Work order
From the first line onward, reproduce the records exactly; the final line to include is the one holding "If Six Was Nine".

Dataset extract
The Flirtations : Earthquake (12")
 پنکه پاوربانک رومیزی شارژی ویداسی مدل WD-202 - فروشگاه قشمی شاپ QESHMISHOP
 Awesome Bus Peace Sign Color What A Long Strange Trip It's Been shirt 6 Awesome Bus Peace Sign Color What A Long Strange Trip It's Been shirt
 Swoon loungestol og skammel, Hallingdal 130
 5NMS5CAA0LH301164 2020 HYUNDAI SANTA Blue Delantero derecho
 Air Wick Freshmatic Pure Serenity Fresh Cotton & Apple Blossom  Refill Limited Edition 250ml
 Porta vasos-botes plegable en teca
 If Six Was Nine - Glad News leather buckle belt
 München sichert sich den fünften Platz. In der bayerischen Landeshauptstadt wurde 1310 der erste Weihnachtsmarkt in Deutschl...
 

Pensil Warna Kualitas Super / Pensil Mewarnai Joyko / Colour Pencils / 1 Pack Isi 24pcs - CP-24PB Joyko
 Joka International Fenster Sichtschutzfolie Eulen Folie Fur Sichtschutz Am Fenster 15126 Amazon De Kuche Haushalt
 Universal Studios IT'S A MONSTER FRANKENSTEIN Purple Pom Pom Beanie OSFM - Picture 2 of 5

Exercise output
The Flirtations : Earthquake (12")
 پنکه پاوربانک رومیزی شارژی ویداسی مدل WD-202 - فروشگاه قشمی شاپ QESHMISHOP
 Awesome Bus Peace Sign Color What A Long Strange Trip It's Been shirt 6 Awesome Bus Peace Sign Color What A Long Strange Trip It's Been shirt
 Swoon loungestol og skammel, Hallingdal 130
 5NMS5CAA0LH301164 2020 HYUNDAI SANTA Blue Delantero derecho
 Air Wick Freshmatic Pure Serenity Fresh Cotton & Apple Blossom  Refill Limited Edition 250ml
 Porta vasos-botes plegable en teca
 If Six Was Nine - Glad News leather buckle belt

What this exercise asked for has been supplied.